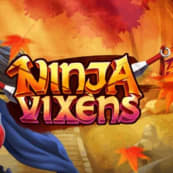 Ninja Vixens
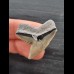3.2 cm very large tooth of the tiger shark
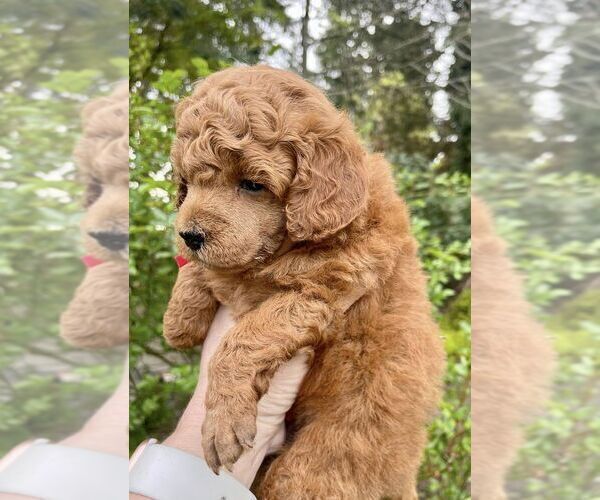 Medium Photo #5 Poodle (Miniature) Puppy For Sale in KEIZER, OR, USA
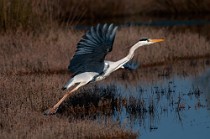 22 Grey Heron - National Park of Circeo, Italy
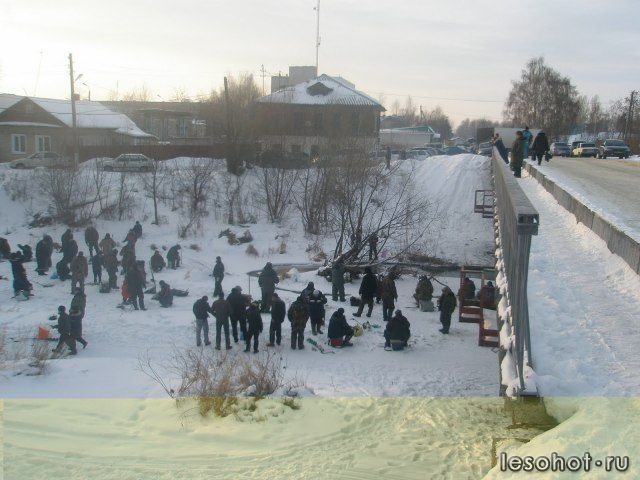   -   - 2012950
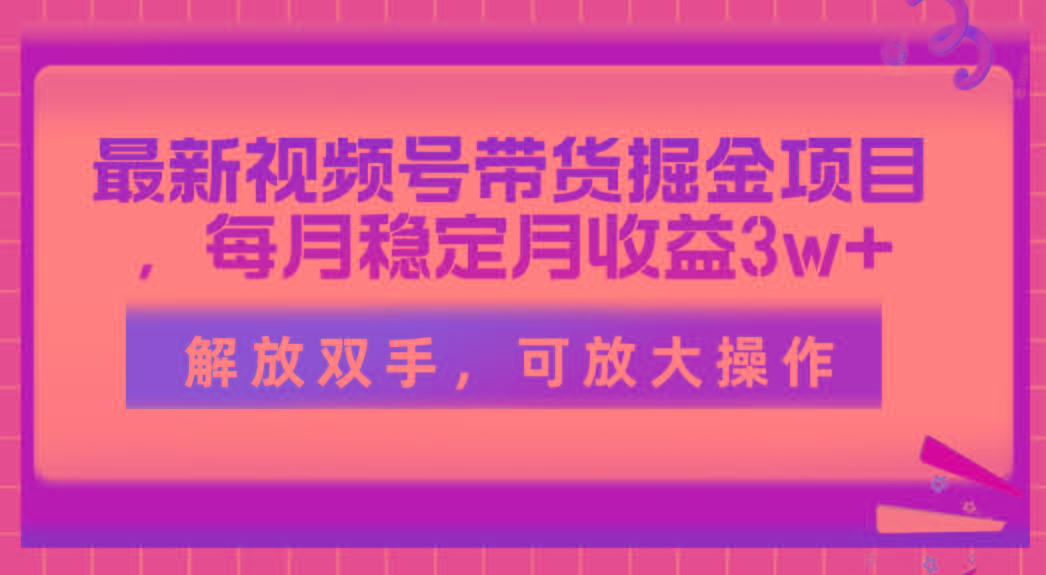 最新视频号带货掘金项目，每月稳定月收益3w+，解放双手，可放大操作-游客之家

> Work required: Give back the whole listing as it stands, minus its pictures.

> Answer to this problem:
 Ninja Vixens
3.2 cm very large tooth of the tiger shark
 Medium Photo #5 Poodle (Miniature) Puppy For Sale in KEIZER, OR, USA
 22 Grey Heron - National Park of Circeo, Italy
   -   - 2012950
 最新视频号带货掘金项目，每月稳定月收益3w+，解放双手，可放大操作-游客之家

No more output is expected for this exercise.